Les Guides Gallimard, qui compteront 115 titres à fin 2001, sont édités par «Nouveaux Loisirs», une filiale de la maison parisienne, et revendiquent une approche à la fois culturelle et encyclopédique, avec un accent particulier sur l'image. Lausanne, qui pour l'instant ne dispose d'aucun guide digne de ce nom, y figurera, dès le début de l'année 2003, aux côtés de Rome, Berlin ou New York, et y sera présentée, comme ses prestigieuses voisines de rayon, en trois parties: «Les clés pour comprendre» (nature, histoire, art etc.), des itinéraires (la partie la plus substantielle) et des informations pratiques (la sélection des bonnes adresses étant confiée au GaultMillau).

Le guide, qui vise en premier lieu les amateurs de week-ends prolongés, intégrera la notion d'«escapades» et proposera des visites dans la région, dans un rayon d'environ 100 kilomètres, d'Evian à Avenches ou à Yverdon, sans franchir la frontière genevoise. Mais c'est bel et bien d'un guide de Lausanne qu'il s'agira, pour la réalisation duquel la municipalité versera 125 000 francs et le Fonds d'équipement touristique de la région lausannoise 50 000 francs.

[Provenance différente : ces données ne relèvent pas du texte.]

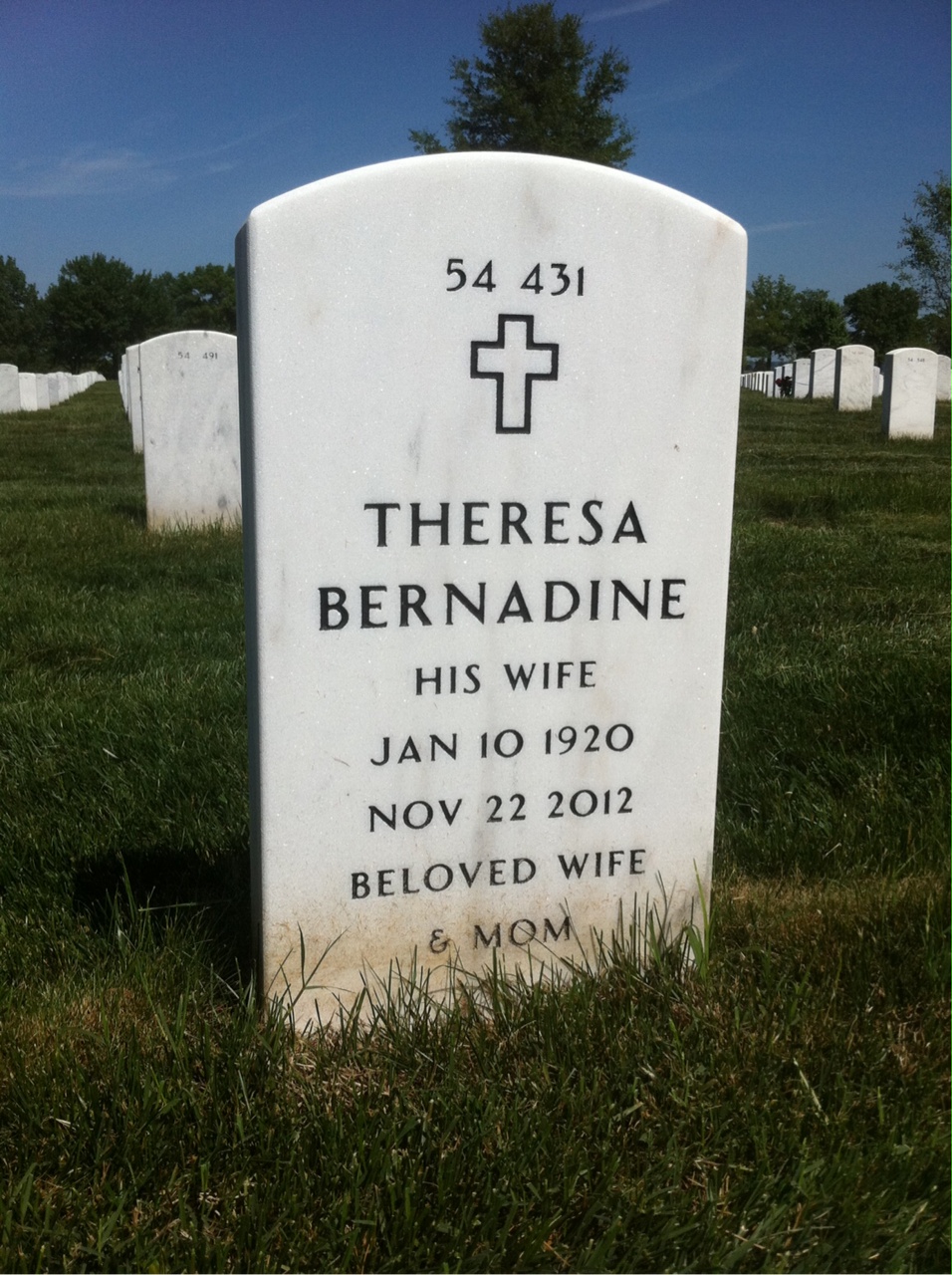 Back of headstone — Donald White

L'éditeur prendra en charge les deux tiers du budget (évalué à un peu plus de 500 000 francs suisses) et assurera la diffusion. Le premier tirage en français sera de 10 000 à 12 000 exemplaires. Des retirages avec mise à jour des informations pratiques sont prévus environ tous les dix-huit mois, et des traductions peuvent être envisagées en coédition avec les éditeurs étrangers partenaires de Gallimard.

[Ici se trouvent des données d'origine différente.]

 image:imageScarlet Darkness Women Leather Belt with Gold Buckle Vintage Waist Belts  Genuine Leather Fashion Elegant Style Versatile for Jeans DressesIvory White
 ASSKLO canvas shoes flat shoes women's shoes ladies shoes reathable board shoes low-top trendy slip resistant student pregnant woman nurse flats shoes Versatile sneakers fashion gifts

Philippe Rossat insiste sur le rôle fondamental des compétences locales dans la réalisation de ce guide. La coordination en a d'ores et déjà été confiée à un historien lausannois, Laurent Golay, et une cinquantaine d'auteurs basés sur place seront mis à contribution, dont un certain nombre de sommités dans leur domaine, comme le professeur Paravicini, spécialiste du Moyen Age.

En ce qui concerne l'iconographie, point fort des Guides Gallimard, l'éditeur dispose d'une équipe rodée d'illustrateurs (naturalistes, architectes, cartographes…), mais pour les photos les ressources locales seront sollicitées. Ce sont en effet les photographes lausannois qui seront le mieux à même de fournir des images permettant de faire sentir toutes les facettes de la ville, au fil des saisons. Et c'est dans les fonds lausannois que l'on trouvera les images historiques inédites que les Guides Gallimard ont l'habitude de publier.

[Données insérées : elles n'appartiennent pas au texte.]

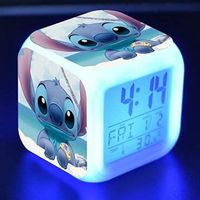 Sosowlight Petite Taille 3inch 8 cm,reveil Stitch,Anime, Réveils numériques LED pour beb,Riche et coloré,Chambre à Coucher décor87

Parmi les facteurs qui l'ont amené à entrer en matière avec Lausanne pour réparer l'absence de la Suisse dans sa collection, Philippe Rossat mentionne son attachement personnel à cette ville, mais le plus réjouissant, pour les édiles lausannois, c'est sans doute qu'il semble croire à l'intérêt commercial de l'entreprise. Un éditeur ne se lance pas dans un investissement aussi conséquent par pure sympathie. Il y a là un indice précieux quant à l'évolution positive de l'image de Lausanne chez nos voisins français.